Week_00: Establishing our workspaces, getting started.

For class today:

Week_01: Defining humanistic inquiry

This week we’ll continue to locate the humanities in the “digital humanities,” we’ll look at example DH projects, and we will work on carving out our own space on the internet.

Week_02: Defining DH Projects

We’ll look at more DH projects and develop a framework for thinking about their core components. We’ll also share the first parts of our website projects, which are due this week.

Week_03: DH Datasets

Continuing to think about “digital” “humanistic inquiry,” we will talk about what comprises a DH dataset, we’ll find some, and we’ll begin to explore what we can do with them.

Week_04: Text Analysis: 1

We’ll look at some DH Projects of your choosing. We will also do some low-barrier, web-based text analysis using Voyant, about which you can learn more here.

Week_05: Curating a Humanities Dataset

Now that we’ve seen and done work with datasets, we will begin to make and clean our own. Drop Date is 2/22.

Week_06: Telling Robots What to Do: 1

Our first foray into object-oriented programming with python. We’ll read some of the scripts that run our Poembot and we’ll discern how the programs talk to the datasets we’ve created.

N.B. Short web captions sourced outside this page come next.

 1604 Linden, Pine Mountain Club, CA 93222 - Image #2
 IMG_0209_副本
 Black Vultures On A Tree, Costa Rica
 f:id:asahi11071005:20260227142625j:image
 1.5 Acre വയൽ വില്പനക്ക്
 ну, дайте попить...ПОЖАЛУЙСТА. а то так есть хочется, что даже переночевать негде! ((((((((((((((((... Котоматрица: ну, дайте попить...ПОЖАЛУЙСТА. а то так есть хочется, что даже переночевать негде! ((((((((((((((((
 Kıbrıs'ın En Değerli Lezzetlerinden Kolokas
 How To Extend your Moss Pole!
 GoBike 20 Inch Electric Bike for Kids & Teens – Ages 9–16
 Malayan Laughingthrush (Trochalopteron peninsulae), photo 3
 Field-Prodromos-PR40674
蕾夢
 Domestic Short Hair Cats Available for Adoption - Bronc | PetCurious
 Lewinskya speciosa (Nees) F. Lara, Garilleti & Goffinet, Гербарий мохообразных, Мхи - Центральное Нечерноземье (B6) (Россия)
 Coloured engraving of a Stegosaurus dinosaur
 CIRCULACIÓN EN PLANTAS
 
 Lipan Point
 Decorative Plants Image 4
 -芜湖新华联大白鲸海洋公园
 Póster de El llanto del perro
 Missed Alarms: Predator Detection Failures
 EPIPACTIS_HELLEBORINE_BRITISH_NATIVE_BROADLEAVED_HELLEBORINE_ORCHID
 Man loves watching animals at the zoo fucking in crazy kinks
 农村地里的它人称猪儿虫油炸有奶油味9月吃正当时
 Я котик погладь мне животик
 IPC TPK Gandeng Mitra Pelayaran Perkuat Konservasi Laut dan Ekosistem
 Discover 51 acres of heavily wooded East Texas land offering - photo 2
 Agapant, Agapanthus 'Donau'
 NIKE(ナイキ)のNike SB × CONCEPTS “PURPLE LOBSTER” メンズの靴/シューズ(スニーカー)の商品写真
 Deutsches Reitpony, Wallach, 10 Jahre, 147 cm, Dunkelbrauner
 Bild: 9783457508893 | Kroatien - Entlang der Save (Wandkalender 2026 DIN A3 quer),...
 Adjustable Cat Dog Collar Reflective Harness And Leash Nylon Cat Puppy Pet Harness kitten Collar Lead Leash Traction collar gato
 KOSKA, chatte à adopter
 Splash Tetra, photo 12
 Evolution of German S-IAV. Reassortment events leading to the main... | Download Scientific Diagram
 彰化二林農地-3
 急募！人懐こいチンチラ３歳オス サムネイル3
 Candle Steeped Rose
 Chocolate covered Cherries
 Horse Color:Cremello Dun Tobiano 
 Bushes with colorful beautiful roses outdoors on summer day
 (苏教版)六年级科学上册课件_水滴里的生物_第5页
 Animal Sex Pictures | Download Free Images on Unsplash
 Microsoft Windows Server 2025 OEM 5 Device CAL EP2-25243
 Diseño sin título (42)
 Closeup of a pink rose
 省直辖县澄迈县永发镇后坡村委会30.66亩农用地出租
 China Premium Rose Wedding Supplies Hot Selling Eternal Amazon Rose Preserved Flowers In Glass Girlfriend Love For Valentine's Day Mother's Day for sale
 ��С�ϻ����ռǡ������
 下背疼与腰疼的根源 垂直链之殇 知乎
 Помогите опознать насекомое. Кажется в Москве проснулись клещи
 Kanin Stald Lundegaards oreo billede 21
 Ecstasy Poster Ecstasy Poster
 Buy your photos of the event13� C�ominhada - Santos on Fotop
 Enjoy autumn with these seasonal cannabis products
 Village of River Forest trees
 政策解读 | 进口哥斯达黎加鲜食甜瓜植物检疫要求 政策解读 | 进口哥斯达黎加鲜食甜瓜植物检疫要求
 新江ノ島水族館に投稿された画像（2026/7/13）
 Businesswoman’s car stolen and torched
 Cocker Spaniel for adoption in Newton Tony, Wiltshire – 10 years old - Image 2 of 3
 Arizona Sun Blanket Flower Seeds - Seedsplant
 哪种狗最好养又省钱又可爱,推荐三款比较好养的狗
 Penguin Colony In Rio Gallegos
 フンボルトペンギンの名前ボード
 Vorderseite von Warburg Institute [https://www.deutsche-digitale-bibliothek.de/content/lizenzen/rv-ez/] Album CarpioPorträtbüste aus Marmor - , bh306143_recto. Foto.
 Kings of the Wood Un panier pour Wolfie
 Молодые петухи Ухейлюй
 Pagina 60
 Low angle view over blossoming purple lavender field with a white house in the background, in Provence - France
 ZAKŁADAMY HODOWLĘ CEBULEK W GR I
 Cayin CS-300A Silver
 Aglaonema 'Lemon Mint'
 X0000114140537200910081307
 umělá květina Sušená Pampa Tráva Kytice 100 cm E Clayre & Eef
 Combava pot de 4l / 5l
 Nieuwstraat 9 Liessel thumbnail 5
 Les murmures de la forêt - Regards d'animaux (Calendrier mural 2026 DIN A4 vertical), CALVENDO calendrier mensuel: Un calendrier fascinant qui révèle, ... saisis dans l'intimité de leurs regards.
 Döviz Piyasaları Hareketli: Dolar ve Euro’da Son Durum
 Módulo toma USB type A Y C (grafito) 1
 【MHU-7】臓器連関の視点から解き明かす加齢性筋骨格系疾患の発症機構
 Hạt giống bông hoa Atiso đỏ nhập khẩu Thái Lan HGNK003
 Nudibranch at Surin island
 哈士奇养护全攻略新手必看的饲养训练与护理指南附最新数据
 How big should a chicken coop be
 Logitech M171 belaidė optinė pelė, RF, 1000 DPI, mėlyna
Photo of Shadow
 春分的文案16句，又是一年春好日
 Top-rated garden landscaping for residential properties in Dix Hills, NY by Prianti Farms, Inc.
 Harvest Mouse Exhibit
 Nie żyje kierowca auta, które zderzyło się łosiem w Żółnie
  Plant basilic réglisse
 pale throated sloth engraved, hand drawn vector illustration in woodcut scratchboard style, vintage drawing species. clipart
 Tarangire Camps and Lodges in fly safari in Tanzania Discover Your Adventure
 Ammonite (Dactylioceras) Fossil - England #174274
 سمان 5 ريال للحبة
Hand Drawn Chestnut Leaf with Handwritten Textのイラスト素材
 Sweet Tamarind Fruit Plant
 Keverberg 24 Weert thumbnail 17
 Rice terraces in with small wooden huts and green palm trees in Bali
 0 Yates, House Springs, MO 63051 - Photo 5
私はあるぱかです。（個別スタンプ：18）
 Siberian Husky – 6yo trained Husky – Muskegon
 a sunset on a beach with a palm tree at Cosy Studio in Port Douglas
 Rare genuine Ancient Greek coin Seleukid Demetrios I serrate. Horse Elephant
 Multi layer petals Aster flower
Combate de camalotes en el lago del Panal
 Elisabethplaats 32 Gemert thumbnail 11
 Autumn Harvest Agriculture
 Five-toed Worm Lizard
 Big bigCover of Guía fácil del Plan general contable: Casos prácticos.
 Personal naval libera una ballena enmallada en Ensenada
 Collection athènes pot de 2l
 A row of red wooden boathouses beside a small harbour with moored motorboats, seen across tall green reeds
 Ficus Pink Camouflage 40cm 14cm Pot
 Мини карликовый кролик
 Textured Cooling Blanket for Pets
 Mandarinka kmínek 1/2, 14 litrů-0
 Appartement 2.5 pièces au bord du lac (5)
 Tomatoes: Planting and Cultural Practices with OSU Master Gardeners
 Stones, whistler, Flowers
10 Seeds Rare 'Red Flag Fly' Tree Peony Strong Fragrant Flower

Week_07: Critical Making and Physical Computing in DH

We will read about critical making and physical computing in DH, we’ll engage some some of both as we assemble our Poembot for Poetry Month. We’ll pause for a midterm assessment and reflection. Also, your report on a low-barrier DH Tool is due this week.

Week_08: SPRING BREAK

Week_09: SPRING BREAK

Week_10: Telling Robots What to Do: 2

Building on the work we’ve done in Python, we’ll more deeply explore the relationships between scripts and datasets. We’ll build a bot and we’ll think about why one might build bots.

Week_11: Reading Machines

We’ll expand the sophistication of the algorithms we’re using to create bots that process and re-present textual datasets. How to bots “read” and “summarize”?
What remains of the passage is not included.